- Problem requirements
Restate exactly, and only, the lines from the one with "How do I get rid of squirrels?" through the end of the data, with both of those end lines kept. Drop any pictures.

###

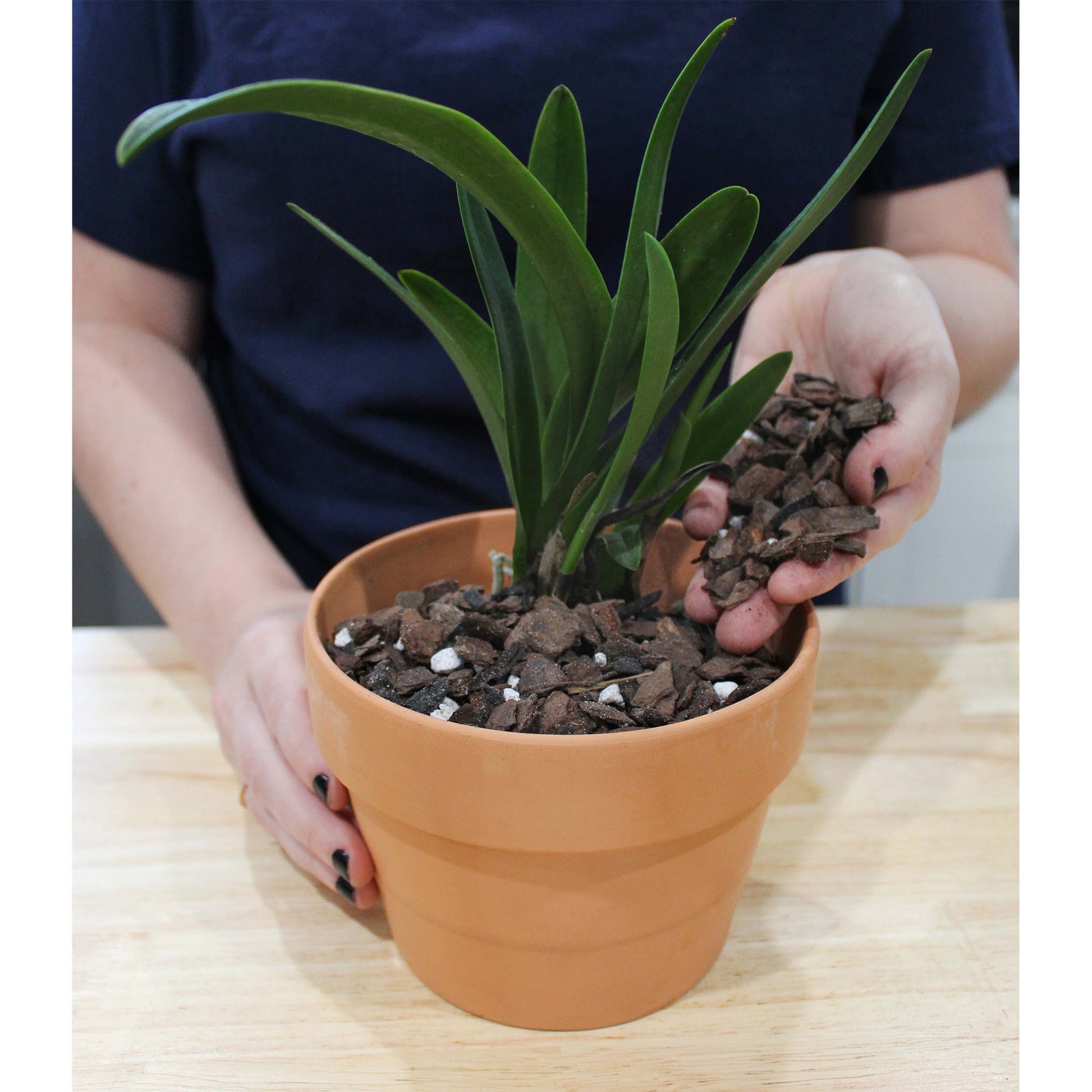 Orchid Potting Soil Mix (2 Quarts) - SSKIT125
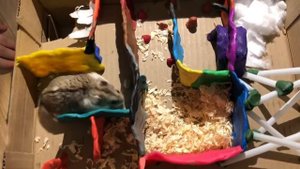 Хомяк проходит полосу препятствий . Лабиринт для хомяка . Хомяк проходит лабиринт . Лабиринт и Перс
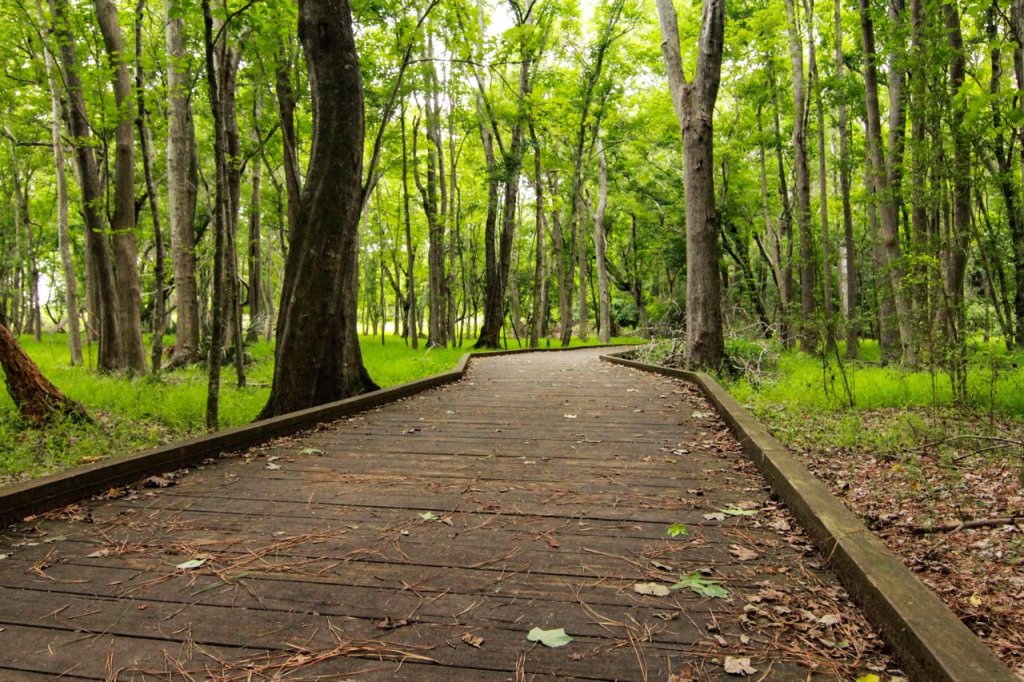 Carolina Beach State Park – photo 1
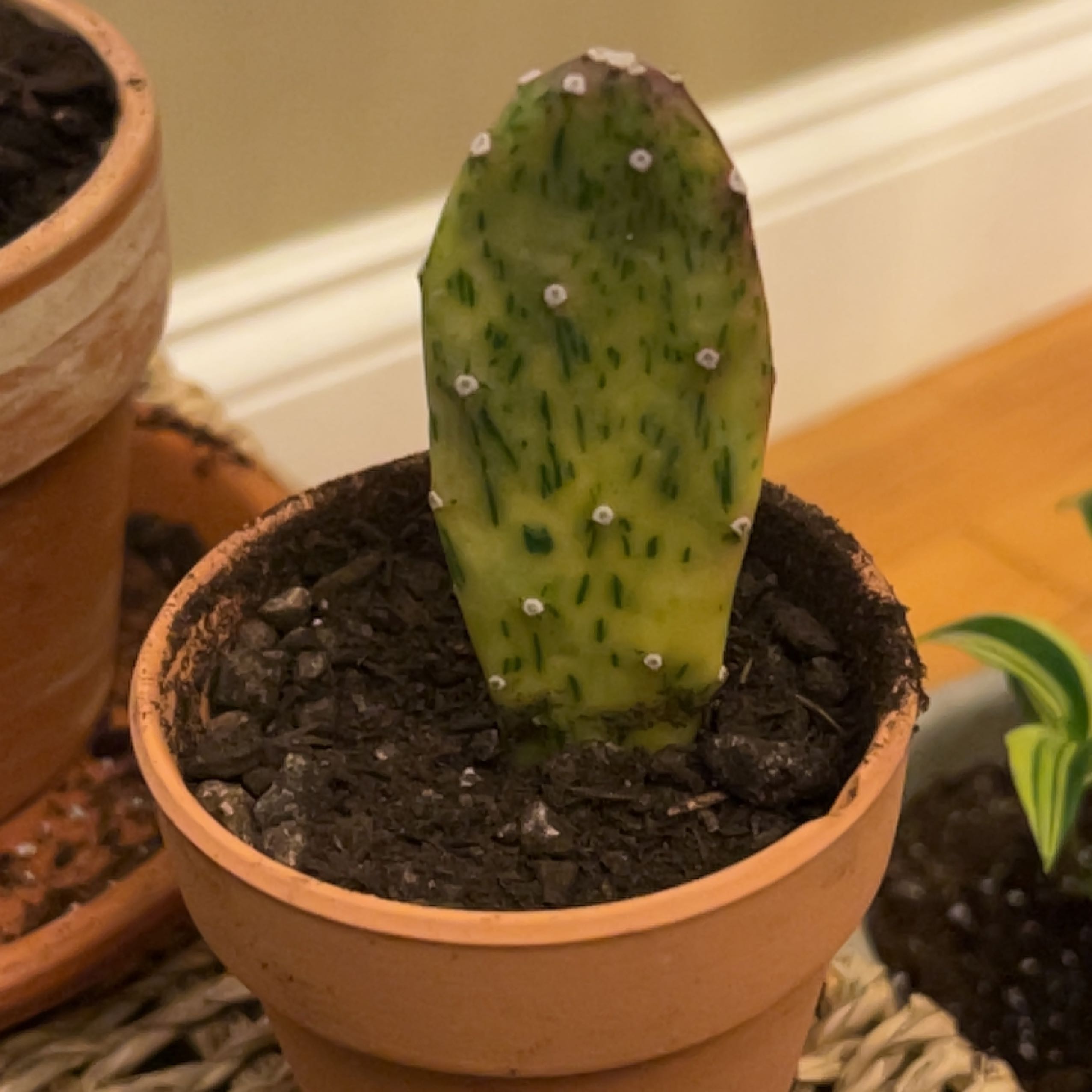 Sunburst Prickly Pear cactus in a terracotta pot with dark spots on its surface.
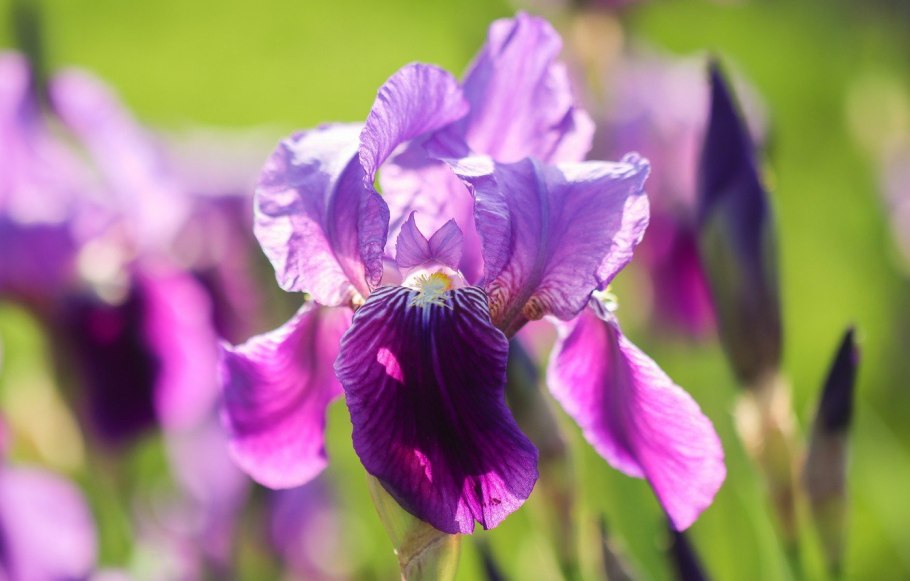 Ирис фиолетовый обыкновенный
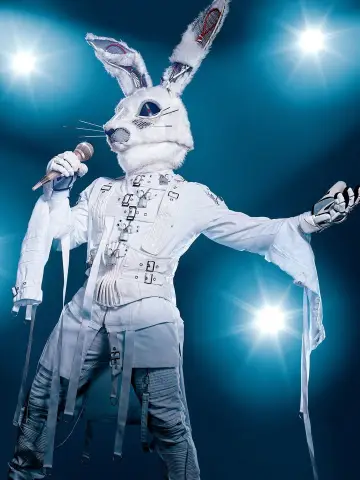 Poster к сериалу "The Masked Singer" #1346216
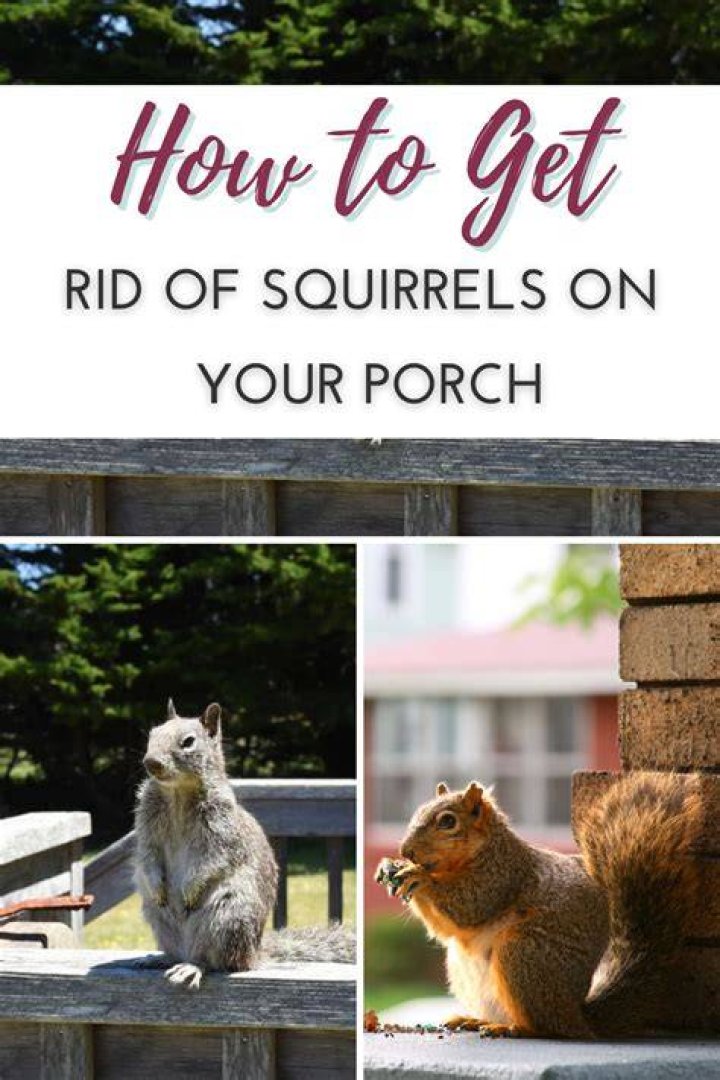 How do I get rid of squirrels?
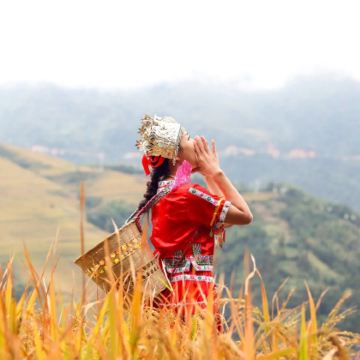 桂林龙脊梯田+黄洛瑶寨+金坑梯田+金佛顶一日游【8人小团】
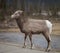 Elk calve on highway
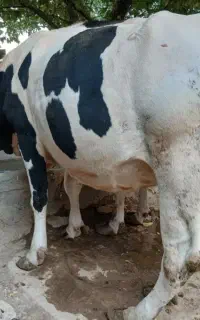 فروش یک راس گاو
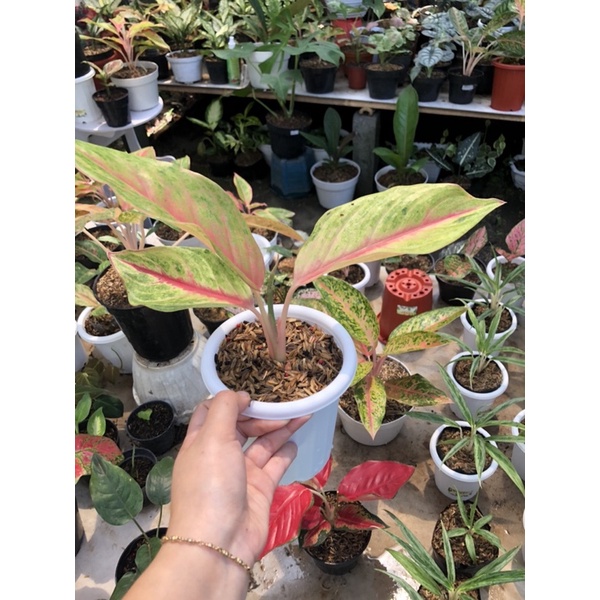 aglaonema red panama mutasi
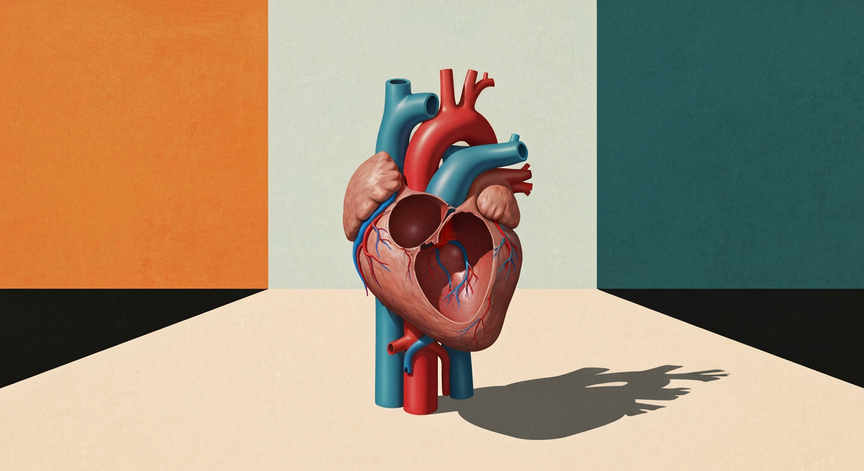 Dynamics of the Human Circulatory System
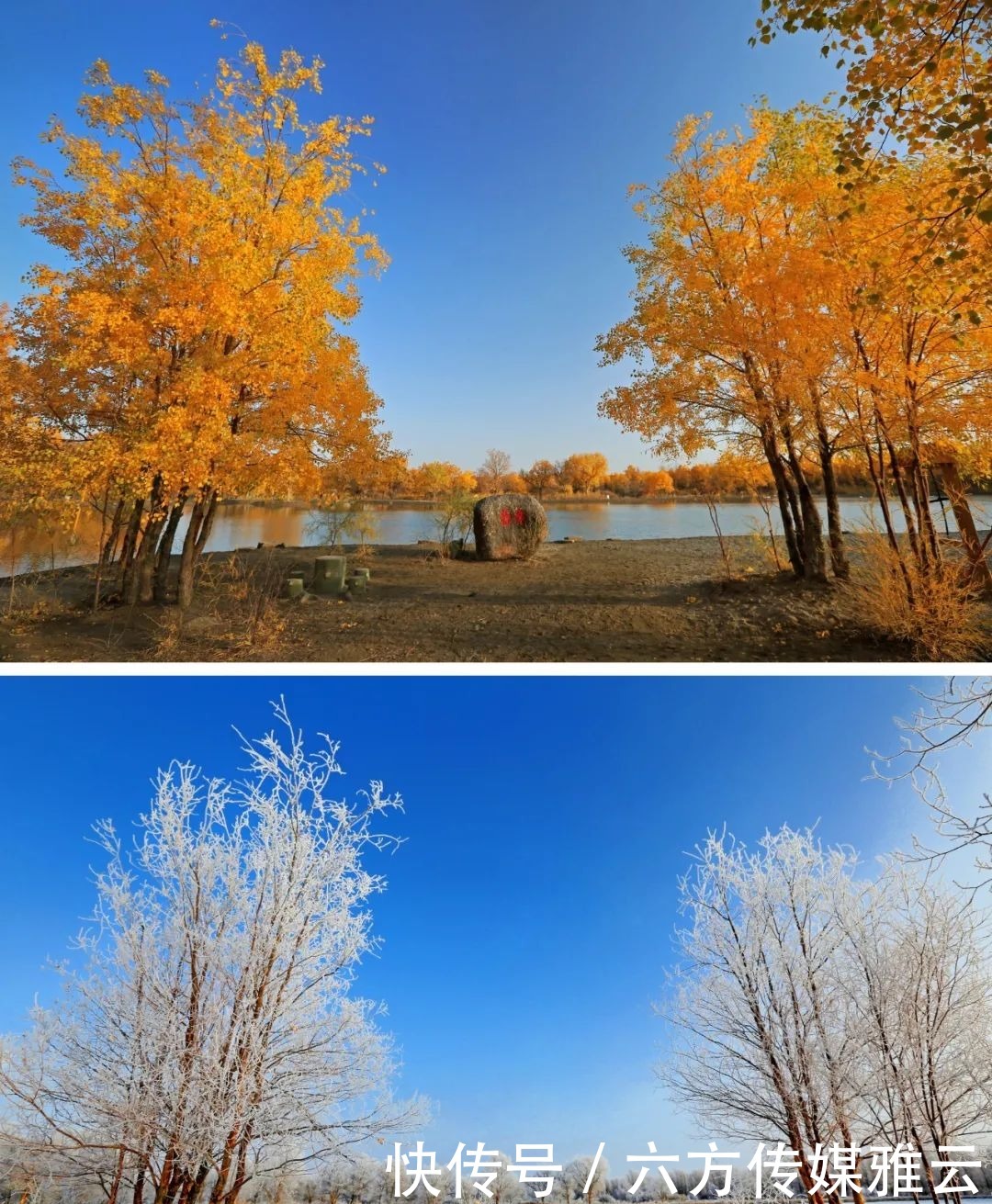 胡杨林|金塔下雪了，我们一起去金塔沙漠胡杨林踏雪可好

###

- Reply
 How do I get rid of squirrels?
 桂林龙脊梯田+黄洛瑶寨+金坑梯田+金佛顶一日游【8人小团】
 Elk calve on highway
 فروش یک راس گاو
 aglaonema red panama mutasi
 Dynamics of the Human Circulatory System
 胡杨林|金塔下雪了，我们一起去金塔沙漠胡杨林踏雪可好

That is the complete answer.